ということで『スターウォーズ エピソード4』を例に挙げて、セルフチェックシートの記入例を作ってみました。
次の記事に続きます。
参考書籍
今回参考にした三宅隆太先生の著書はこちらです。
脚本家志望の初心者に向けて書かれた本ながら、話の流れは心のカウンセリングにまで至ります。
脚本の本なのに、なんでカウンセリングの話にまで発展するの?? と不思議だと思います。
私も本職が脚本家・映画監督なのに心理カウンセラーの資格まで三宅先生が持たれていると知って驚いたのですが、「脚本で苦しむ人を助けたい」という気持ちから本格的にカウンセリングの勉強を初めて資格を取得されたのだそうです。
「脚本に問題を抱えている人は、同時に自身の内面にもトラウマや葛藤を抱えていて、外面を気にするあまり自分自身で(気づかぬうちに)ブレーキをかけてしまっているからだ」と指導者として生徒に教えているうちに気づいた三宅先生は、カウンセリング術を応用しながら生徒と向き合い、対話を重ねます。
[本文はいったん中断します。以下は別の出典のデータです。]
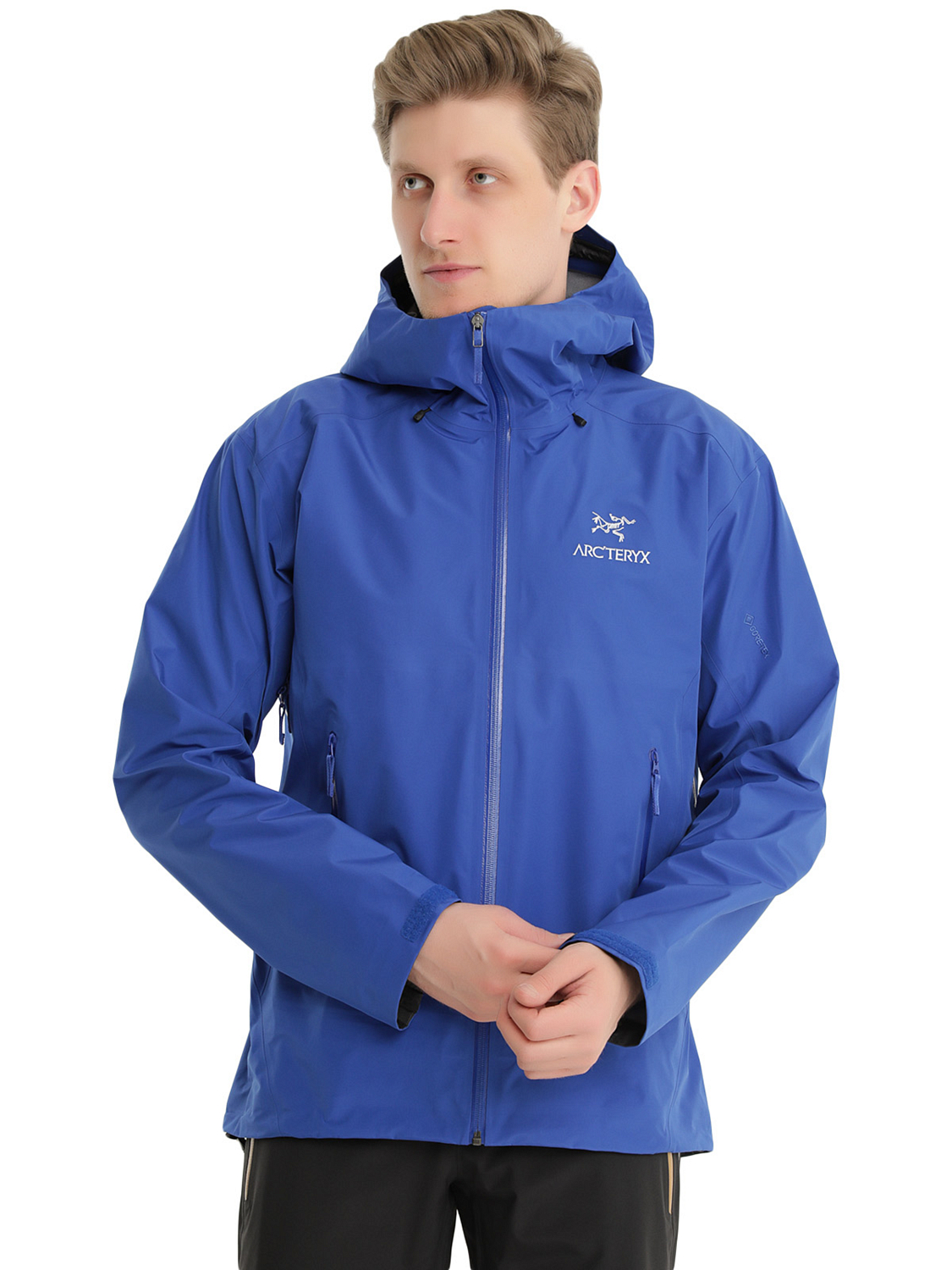 Куртка для активного отдыха Arcteryx Beta Lt Jacket Men'S Vitality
真摯に脚本を書くその人とその作品に向き合い、問題の原点に立ち返えり改善への第一歩に手を差し伸べてくれる。その対話が目的としたところの真意は、本書に登場する匿名の生徒だけでなく、脚本を学びたいと本書を開いた読者にもゆっくりじんわり染みて届いていくでしょう。
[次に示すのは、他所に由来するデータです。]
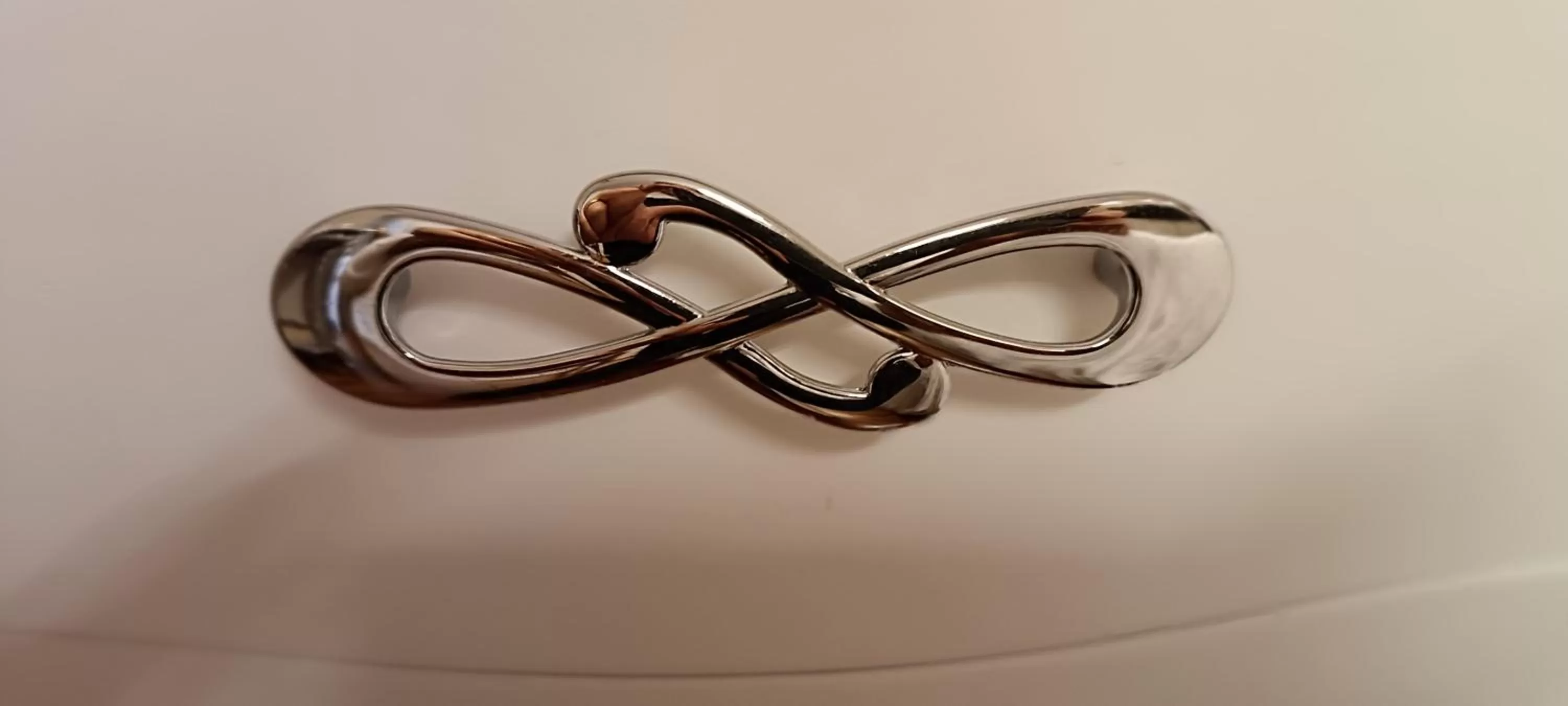 Decorative detail in Hotel Palladium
単なる実用的な脚本の指南書ではなく、まさかの心のケアとリハビリにまで至る本著。
想定していたこと以上の内容に踏み込んだ本で、意外な読書体験ができたことに久々に感動しました。
映画のみならず、娯楽商品として人々に受け入れられ消費されている物語は概して以下のふたつに分類されます。
・ハイコンセプト(ジャンル映画ともいう。いわゆるハリウッド式の娯楽映画はこれが殆ど)
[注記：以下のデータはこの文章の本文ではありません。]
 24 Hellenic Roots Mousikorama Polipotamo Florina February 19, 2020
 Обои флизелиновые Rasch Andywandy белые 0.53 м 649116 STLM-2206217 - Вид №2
・ソフトストーリー(明確なログラインが存在しない人間ドラマが多い。いわゆるミニシアター系、ヨーロッパ系)
ハイコンセプトはノウハウが確立されているため迷いにくい分野ですが、ソフトストーリーは人間の内面から出発していることが多く、やもすると破綻しがち、迷走しがち、つまらなくなりがち。
本作はそんな「ソフトストーリー派を志すアマチュア」に向けて書かれた一冊です。明確な指針がないソフトストーリーのシナリオを書く考え方の基礎が学べます。
ハリウッド式のハイコンセプトではない、ミニシアター風の味のある作品が描きたい(漫画ではオルタナティブ系と呼ばれるものでしょう)という方に大変おススメ。
また、「主人公よりもサブキャラクターの方が魅力的になってしまって物語が破綻する」という問題にもとても丁寧に分析して解決方法を提案されています。
主人公の立場・目標・感情・現状など、キャラクター性を示す情報が視覚的に表現されないと、観客(読者)に認知されない。認知がないことには魅力も生まれない。
言葉の説明だけでなんとか主人公を立たせようとしても無理があるというお話は、映画だけでなく漫画にも通じることだなと感じ入りました。
漫画のためのシナリオを勉強するのにもとてもためになる一冊です。